Gnuplot - a way to convert and plot text information? - plot

I am trying to use gnuplot to display the information contained in a file as in the example below:
1 2 3 … 10 11
1 1.0000000e-06 1.0000000e-06 … 0
2 2.5000000e-06 1.5000000e-06 … 0 #dt_grow
3 4.7500000e-06 2.2500000e-06 … 0 #dt_grow
4 8.1250000e-06 3.3750000e-06 … 0 #dt_cfl
5 1.2450703e-05 4.3257029e-06 … 1 #dt_mach, max_iteration_turbulence
6 1.6811013e-05 0.3603104e-06 … 0 #dt_grow
My goal is to be able to represent, somehow, the information listed in column 11 which, as you can see, contains non-numeric characters.
It might be pointless but, before moving ahead, it might be helpful to stress that:
row1 has no value at column 11
each column 11 value start with # and is not quoted
column 11 contains many other different possible entries (e.g. "#dt_piso","#dt_piso, 2*max_piso reached", "#dt_mach, temperature extrapolation error")
when values of column 11 present an additional information (e.g ", max_iteration_turbulence") values of column 10 are non-zero
the number of rows is typically of the order 10^6
My idea was to use associate a numeric value to each element of column11 using functions (e.g. if #dt_grow then 1, if #dt_cfl then 2 ecc) so that I can somehow represent this information.
What I have tried so far produce nothing but errors (that I am for brevity listing below each used plot command):
p "file" u 1:11 w l
--> x range is invalid
p "file" u 1:(''.$11 eq "#dt_cfl" ? 1 : 0) w l
--> warning: Skipping data file with no valid points. x range is invalid
p "file" u 1:(column(11) eq "#dt_cfl" ? 1 : 0) w l
--> internal error : STRING operator applied to non-STRING type
p "file" u 1:(strcol(11) eq "#dt_cfl" ? 1 : 0) w l
--> internal error : STRING operator applied to non-STRING type
splot "time.out" u 1:(11 eq "#dt_cfl" ? 1 : 0) w l
--> Need 1 or 3 columns for cartesian data
#Usage of functions does not resolve the issue:
e.g. f(x)= ''.x eq "#dt_cfl" ? 1 : 0
As you can probably tell by the diversity of my trials I am somehow confused on how it is recommendable to proceed in such cases. I have never had to plot string data and I am not quite sure of what is causing the issue. I've been looking for some inputs on the documentation but nothing really helped me on this. I would very much appreciate any inputs on how to handle string data and associate them to numeric values.
To wrap it up: I want to display the evolution of the information on column 11.

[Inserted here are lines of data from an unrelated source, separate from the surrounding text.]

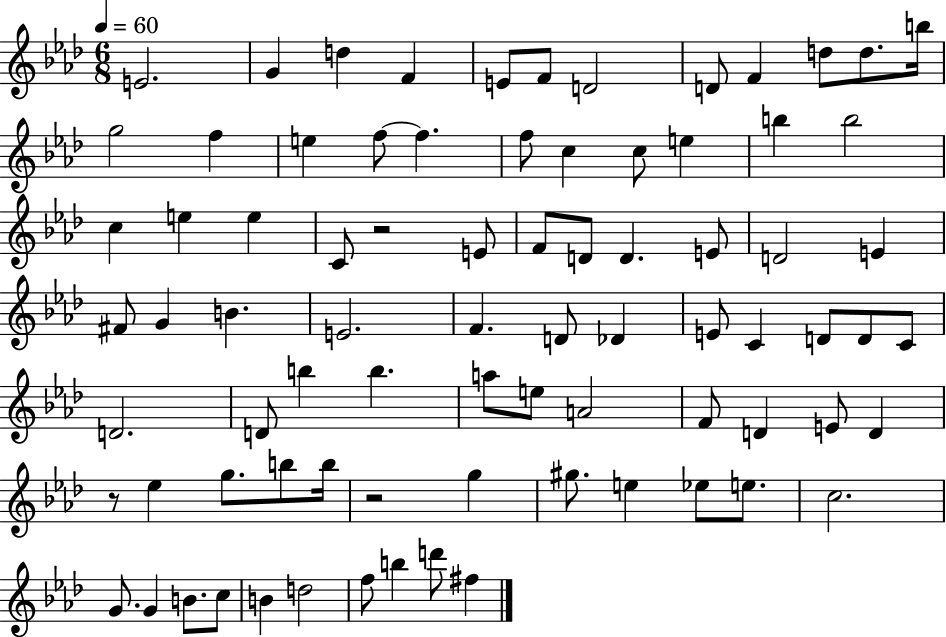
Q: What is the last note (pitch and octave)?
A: F#5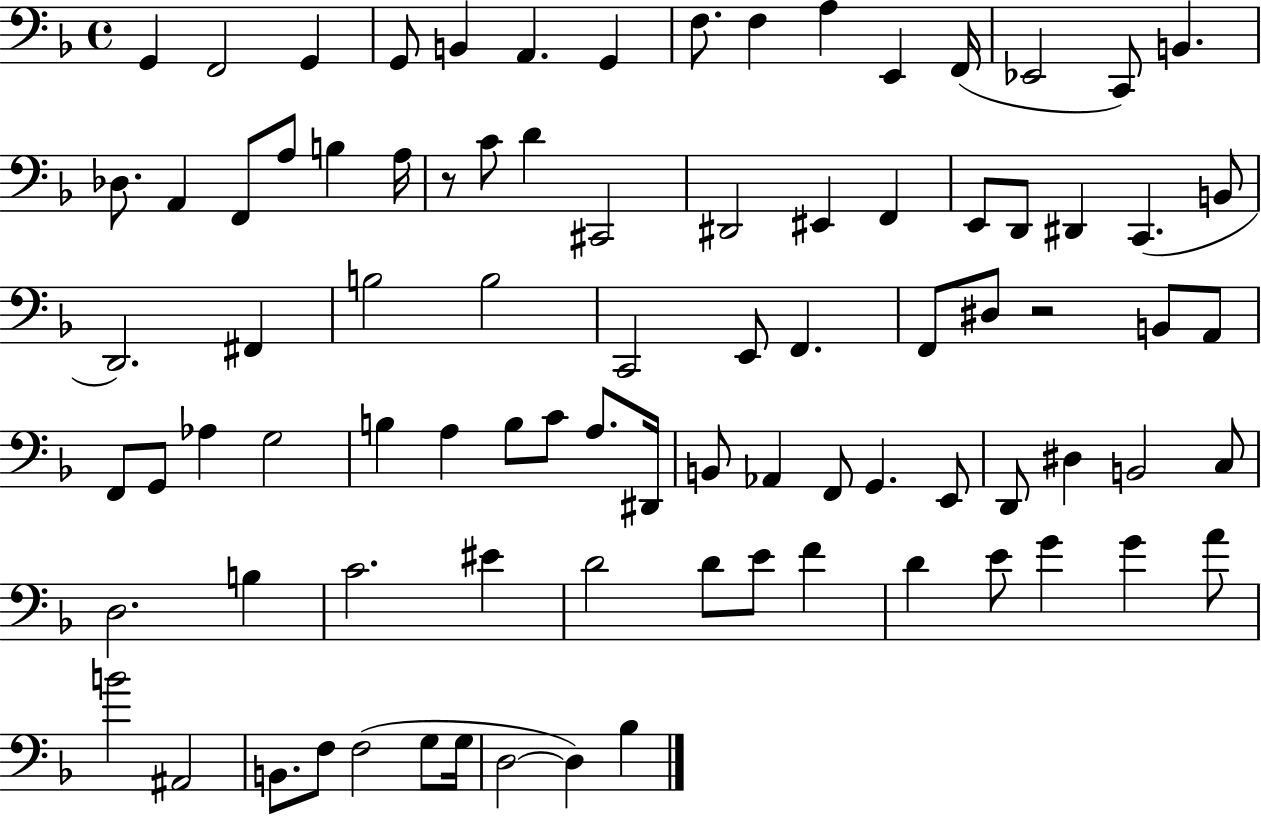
G2/q F2/h G2/q G2/e B2/q A2/q. G2/q F3/e. F3/q A3/q E2/q F2/s Eb2/h C2/e B2/q. Db3/e. A2/q F2/e A3/e B3/q A3/s R/e C4/e D4/q C#2/h D#2/h EIS2/q F2/q E2/e D2/e D#2/q C2/q. B2/e D2/h. F#2/q B3/h B3/h C2/h E2/e F2/q. F2/e D#3/e R/h B2/e A2/e F2/e G2/e Ab3/q G3/h B3/q A3/q B3/e C4/e A3/e. D#2/s B2/e Ab2/q F2/e G2/q. E2/e D2/e D#3/q B2/h C3/e D3/h. B3/q C4/h. EIS4/q D4/h D4/e E4/e F4/q D4/q E4/e G4/q G4/q A4/e B4/h A#2/h B2/e. F3/e F3/h G3/e G3/s D3/h D3/q Bb3/q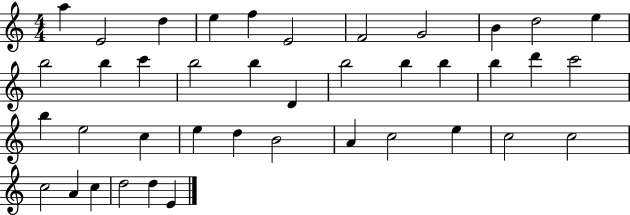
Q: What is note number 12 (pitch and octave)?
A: B5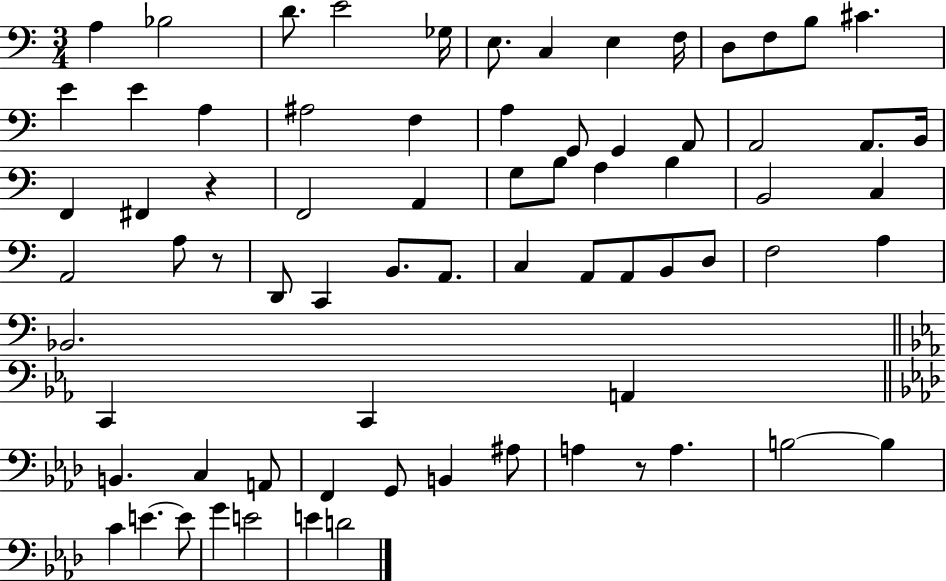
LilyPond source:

Ideally, I would like to be able to use the eventual additional information (as explained in point 4 above) based on the value of column 10.
Based on my request I believe a python script could better fit my necessities, but I am wondering if gnuplot offers such possibilities and I am eager to learn more.
Thanks in advance :)!
P.S.: I am adding a sketch of the results I am trying to obtain hping that this can help clarify my goals.

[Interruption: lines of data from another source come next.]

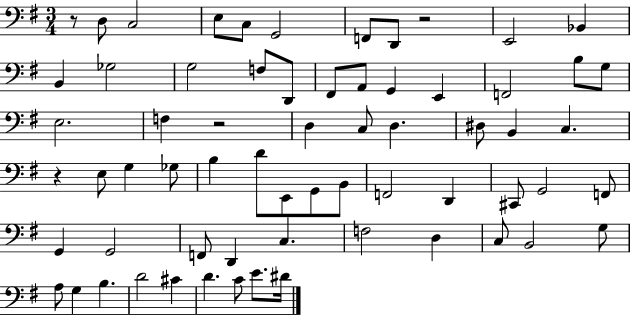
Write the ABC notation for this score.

X:1
T:Untitled
M:3/4
L:1/4
K:G
z/2 D,/2 C,2 E,/2 C,/2 G,,2 F,,/2 D,,/2 z2 E,,2 _B,, B,, _G,2 G,2 F,/2 D,,/2 ^F,,/2 A,,/2 G,, E,, F,,2 B,/2 G,/2 E,2 F, z2 D, C,/2 D, ^D,/2 B,, C, z E,/2 G, _G,/2 B, D/2 E,,/2 G,,/2 B,,/2 F,,2 D,, ^C,,/2 G,,2 F,,/2 G,, G,,2 F,,/2 D,, C, F,2 D, C,/2 B,,2 G,/2 A,/2 G, B, D2 ^C D C/2 E/2 ^D/4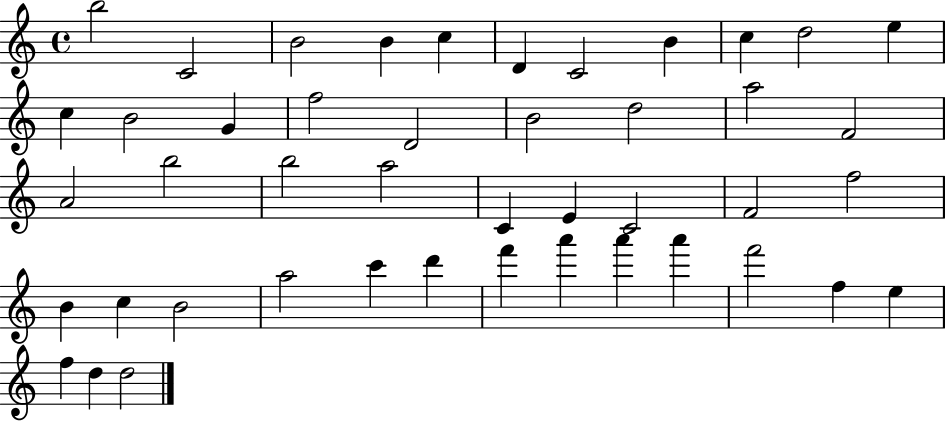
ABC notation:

X:1
T:Untitled
M:4/4
L:1/4
K:C
b2 C2 B2 B c D C2 B c d2 e c B2 G f2 D2 B2 d2 a2 F2 A2 b2 b2 a2 C E C2 F2 f2 B c B2 a2 c' d' f' a' a' a' f'2 f e f d d2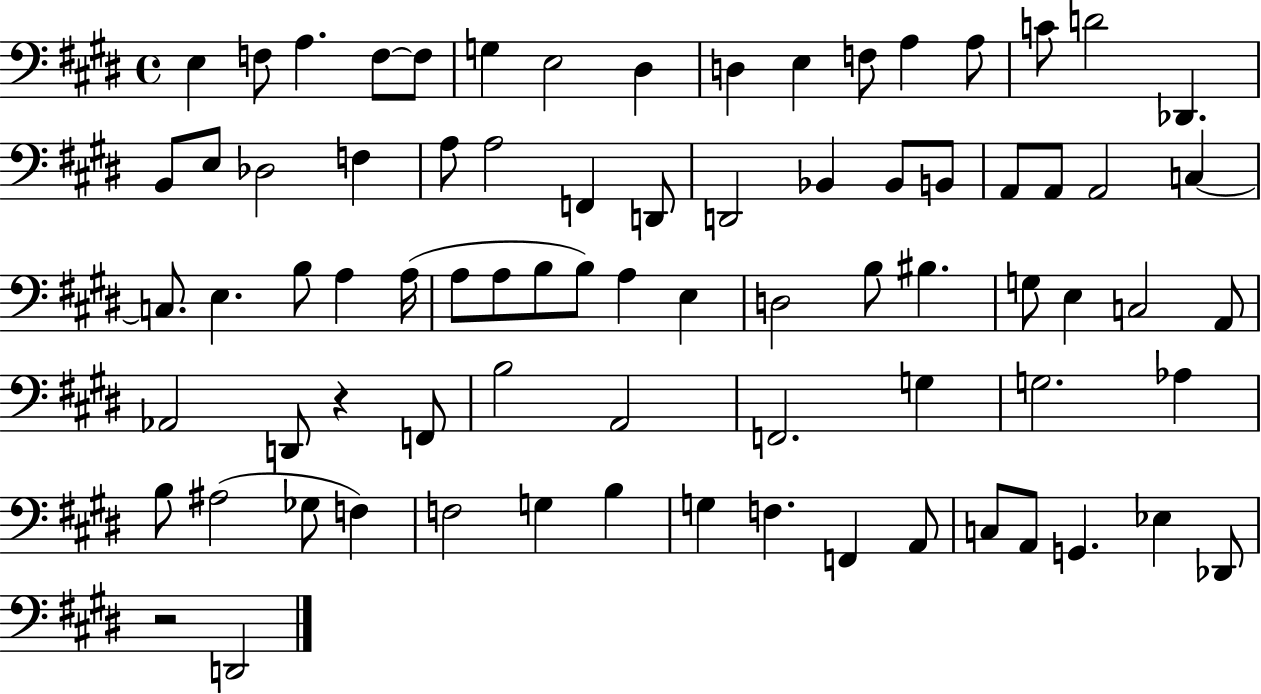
E3/q F3/e A3/q. F3/e F3/e G3/q E3/h D#3/q D3/q E3/q F3/e A3/q A3/e C4/e D4/h Db2/q. B2/e E3/e Db3/h F3/q A3/e A3/h F2/q D2/e D2/h Bb2/q Bb2/e B2/e A2/e A2/e A2/h C3/q C3/e. E3/q. B3/e A3/q A3/s A3/e A3/e B3/e B3/e A3/q E3/q D3/h B3/e BIS3/q. G3/e E3/q C3/h A2/e Ab2/h D2/e R/q F2/e B3/h A2/h F2/h. G3/q G3/h. Ab3/q B3/e A#3/h Gb3/e F3/q F3/h G3/q B3/q G3/q F3/q. F2/q A2/e C3/e A2/e G2/q. Eb3/q Db2/e R/h D2/h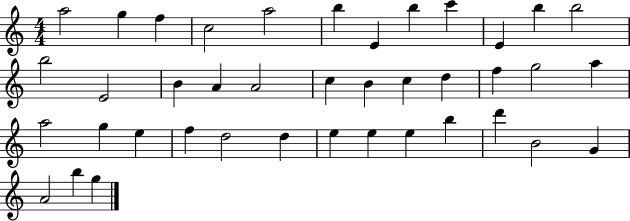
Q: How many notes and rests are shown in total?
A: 40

I am anyway open to new solution as this is just my plan of how I was thinking about overcoming the problem of plotting text data.
With respect to the few rows of data that provided above and assuming to do the following assosiations:
#dt_grow is 1
#dt_cfl is 2
#dt_mach is 3
so on for other possible values (this could be hardcoded as I would have no more that 10 possible values in column11)
Plot_ sketch

Maybe something like this?
You can use the 11th column (here: 5th column) as x2ticlabels (check help xticlabels). Before, link the x2 axis to the x1 axis (check help link).

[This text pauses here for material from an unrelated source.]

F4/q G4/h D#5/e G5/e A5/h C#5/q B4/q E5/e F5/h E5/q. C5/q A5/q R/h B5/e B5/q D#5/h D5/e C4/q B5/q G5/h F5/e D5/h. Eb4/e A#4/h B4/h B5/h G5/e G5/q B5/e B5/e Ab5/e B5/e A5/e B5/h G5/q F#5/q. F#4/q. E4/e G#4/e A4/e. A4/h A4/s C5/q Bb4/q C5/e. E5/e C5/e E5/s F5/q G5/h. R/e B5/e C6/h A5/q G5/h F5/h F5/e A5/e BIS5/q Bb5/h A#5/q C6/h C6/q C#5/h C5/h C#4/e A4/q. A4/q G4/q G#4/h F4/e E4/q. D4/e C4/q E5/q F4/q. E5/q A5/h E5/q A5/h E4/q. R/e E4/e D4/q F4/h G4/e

You could rotate the x2tic labels if they are getting to many and overlap: set x2tics rotate by 90.
In principle, you could get rid of the leading # of each label, but I guess it will get a bit tricky because of your missing value in row 1.
Look at the example below as a starting point.
Script:
### adding text info from columns to some labels
reset session
$Data <<EOD
1 2 3 4 5
1 1.0000000e-06 1.0000000e-06 0
2 2.5000000e-06 1.5000000e-06 0 #dt_grow
3 4.7500000e-06 2.2500000e-06 0 #dt_grow
4 8.1250000e-06 3.3750000e-06 0 #dt_cfl
5 1.2450703e-05 4.3257029e-06 1 #dt_mach, max_iteration_turbulence
6 1.6811013e-05 0.3603104e-06 0 #dt_grow
EOD
set termoption noenhanced
set key top left
set link x2 via x inverse x
set x2tics
plot $Data u 1:2:x2tic(5) skip 1 axes x2y1 w lp pt 7 lc "red" title "column 2", \
'' u 1:3 skip 1 w lp pt 7 lc "web-green" title "column 3"
### end of script
Result:
Addition:
I guess I understand what you want to do but the background is still a bit unclear.
What you are asking for is a conversion or mapping of strings to numbers.
I assume you have a fixed and known set of keywords.
Apparently, for your desired plot the other columns besides 1 and 11 do not play a role.
Your missing value in column 11 in row 1 (excl. header) will create problems, hence add the option skip 2.
In the minimized example below, your column 11 is actually column 2.
The example below will create some random test data for better illustration.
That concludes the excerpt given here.